Every time we interact with a digital device, we produce data. Some of it is important, some less so, and some of it seems irrelevant simply because we don’t recognize its potential. Companies that have relied on Data Scientists have discovered how to transform even marginal data into useful information. This has greatly simplified decision-making processes. Let’s look at what data science is and why it’s indispensable today for accurate forecasting.
What is Data Science?
Data Science arises from the intersection of disciplines that help define the meaning of data. It brings together mathematical, statistical, and computer models. The result is the extraction of meaningful data that, properly monitored, gives us insight into a phenomenon.
“Make your data become advice for your business decisions.”
Here’s a practical example. The production flow of industries implies that there are machines constantly running, the interruption of which could jeopardize the entire process. If equipped with sensors, these machines will produce data that cannot go unnoticed. Such information will, in fact, be indispensable for implementing in-depth predictive maintenance.
How to make the most of the data stream? By relying on a data scientist who will be able to create predictive models for maintenance, thus guaranteeing constant monitoring of the machinery.

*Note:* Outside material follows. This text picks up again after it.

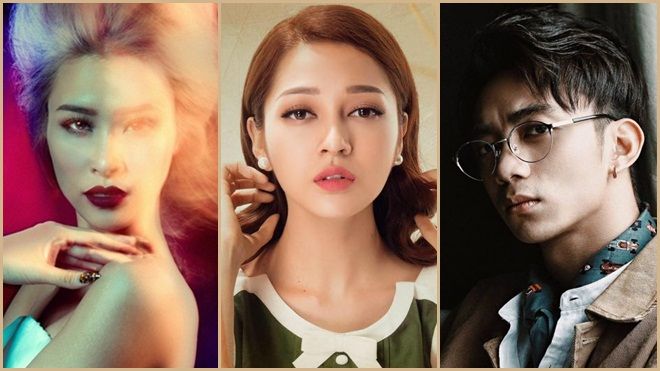 Ballad vẫn luôn là 'viên kẹo ngọt' với những tên tuổi này của Vpop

In this way, production will not have to stop and will also reduce the risk of machinery breakdown. In fact, knowing in advance when I will have to replace a component always translates into time and cost savings.
After the brief parenthesis on the meaning of Data Science, it’s time to show how we can achieve meaningful Data Mining. An operation that allows us to create models check for anomalies and establish connections between Big Data.
Data Science facilitates computer vision, natural language processing, and generative models. How? Through Artificial Intelligence and data mining. Click To Tweet
What is the purpose of the extracted data?
The information we generate every day is collected in databases stored remotely on the PC or in the cloud. If the data are few, we can manage them manually but when they become significant figures it is the case to rely on software or automatic algorithms. So we enter the field of Artificial Intelligence, Machine Learning, and Deep Learning: all technologies that automate the process of data association.
What we can do with data science. Here are some examples:
- Hypothesis. That is, through deep analysis of data over time, with relative comparisons over the years, it is possible to make reliable future predictions about a given phenomenon.
- Classifications. Data science also offers support from an organizational point of view. It helps, in fact, to group patterns or data that respond to a predefined objective. It can be used, for example, to segment the target audience or to create a personalized customer experience. But also, more simply, to define which data to store and which to eliminate.
- Improve business efficiency. Data mining can help in the decision-making process to understand how to optimize processes or discover and identify new goals.
- Monitor. By exploring data and choosing goals to pursue, we can measure results to improve future actions. Or, in predictive maintenance, through data monitoring, we can gain useful information about machinery and the wear and tear on its components.
Who are Data Scientists?
Software, algorithms, and technologies are valuable support in extracting meaningful data. However, let’s not forget that machines and automated processes can only go so far. The real difference in data analysis is made by human ingenuity, namely the Data Scientist.
The Data Scientist is a person who possesses various skills: he or she must understand statistics, mathematics, computer science, programming and must also have good communication skills. Why do we need such a comprehensive figure? Because data is affected by a multitude of variables, some of which are current and some of which are to be predicted. Also, software and algorithms that leverage artificial intelligence need to be trained, and the choice of information to feedback for training can only be made by someone who knows how the process works from a technical standpoint. Finally, a mathematical approach when handling numbers serves to reduce the steps needed to answer a given question.
And where does communication fit in? The study of data often results in reports or tables that will need to be presented to executives in written and oral form or displayed in public. Therefore, the use of appropriate terms and clear, compelling exposition are key elements in getting the results of the research understood.
How can I increase business competitiveness with Data Science?
Here we come to the crucial point: why should I invest in such qualified professionals? What benefit do I get? Data mining, i.e., the association of meaning to a specific piece of data, allows you to obtain strategic advantages that impact increasing performance.
Data Science allows companies to gain insights into Big Data along with three different time frames: present, past, and future.
In fact, data can give me information:
- Descriptive: analytics provide a descriptive statistic of what has already occurred. For example, an analysis of the previous year’s revenue divided by-products. This aspect serves me to quantify the impact of my actions.
- Prescriptive: These are comparative data that allow me to understand what I can improve. How? By analyzing cause/effect relationships. Through the data, the analysis software evaluates possible scenarios of the use of a machine, for example, showing which actions could delay a failure or improve productivity.
- Predictive: we are in the field of statistics and future predictions. In this case, the data should be used to hypothesize actions. Having software in the company that shows the timing of supply of raw materials allows not only to predict an action but also to prevent the block of production. We don’t speak about the certainty of the hypothesis that will have a greater percentage of reliability how much more are the inserted data.
All companies, large or small, can benefit from data analysis. The important thing is to have the right business culture and some familiarity with automation and artificial intelligence technologies and software.
The valuation of the investment depends on the amount of data to be handled. There are analysis tasks that can be done by management software and others that require the expert eye of a Data Scientist.